Second plan: If you have time and are interested in crypto and stock investments, you should save money, accumulate capital, and spend time researching three to five sustainable, high-quality companies, like Moutai. Moutai is an excellent company. Study it thoroughly, wait for a market crash in crypto or stocks, and when prices are low, start buying these long-anticipated companies. Hold them long-term, and they will become your money-making machines. When prices become too high, you can sell, but try not to buy at high prices—buy more when prices are low with your savings.
Third plan: Investing in real estate. Currently, Chinese real estate prices are actually too high. I recommend borrowing money to invest in real estate—but not now. I strongly oppose borrowing money to buy stocks or crypto, and I also oppose borrowing to start a business. Both are extremely risky, especially when you lack experience, with a high failure rate. My advice is: when the real estate market is not good, you can borrow to buy property.
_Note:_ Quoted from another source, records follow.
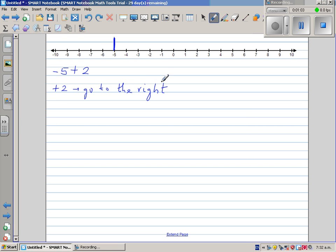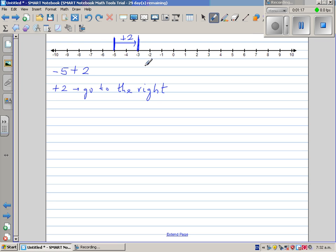So if you go 2 steps to the right — 1, 2 — that's 2 steps to the right, and that's what it means to say plus 2. You start from the first number and go 2 steps to the right. And where do you reach? You reach negative 3. So your answer is negative 3.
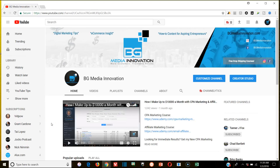What's going on guys, it's Brian from BG Media Innovation. If you're new to the channel, it's full of digital marketing tips, ecommerce insights, and step-by-step how-to content for any aspiring entrepreneur that wants to make money online. Go ahead and hit that subscribe button so you don't miss anything, and with that being said we're just gonna jump right in.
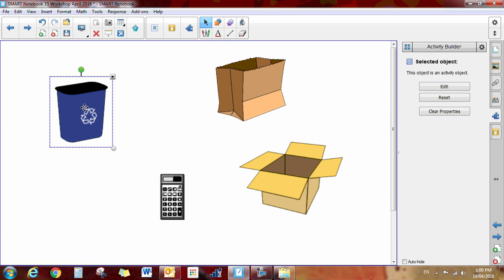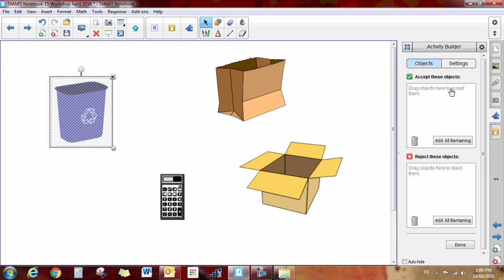So let's click on this object that we've dragged onto the page. This object is an activity object. Yes, it is. So we're going to say edit.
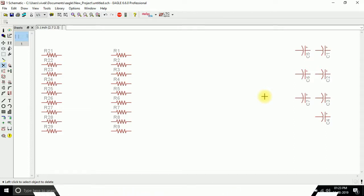So in the last video we saw how to delete and make a copy of components. Now we will see how to name a component and give it different values.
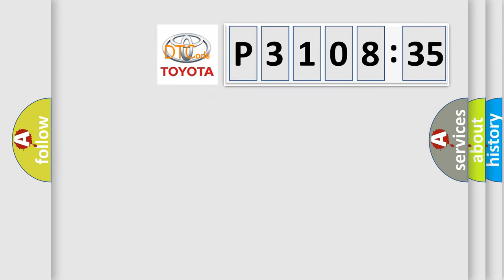So, what does the diagnostic trouble code P3108535 interpret specifically for Toyota car manufacturers?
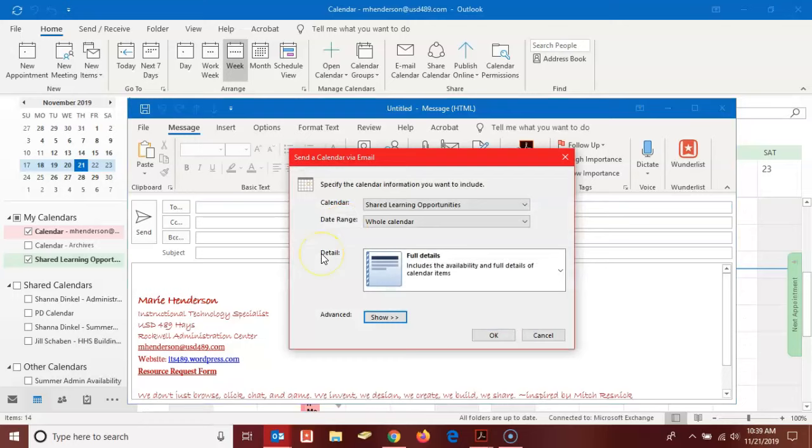A little window will appear here and it's going to list some options for me. However, all of these options are fine the way they are unless you don't want the people that you're sharing this with to have the full details of the calendar. Then you can select one of these other options here.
Many people’s wealth growth depends on themselves and leverage. When the real estate market is down, you can borrow to buy, provided the property can generate cash flow—such as renting it out to cover mortgage interest and other expenses. Real estate has a large capacity for wealth. Using leverage, if you invest 10% or 20% of the property’s value, and the property appreciates by 20%, your assets double. This is a long-term investment, and the snowball can roll very fast.
Over thirty years, relying on that one property, you could retire. Many people earn far more from real estate than from crypto or stocks—that’s how wealth is created. But it also involves risks. So, I say borrowing to buy real estate should only be done when the market is bad and cash flow can support it. That’s my premise and context—I don’t want to be misunderstood.
Today, I shared my understanding of wealth and young people’s path to financial freedom. I offered three plans for wealth freedom, which may not be perfect. Everyone can consider their own circumstances—time, wealth, interests—and use these as references.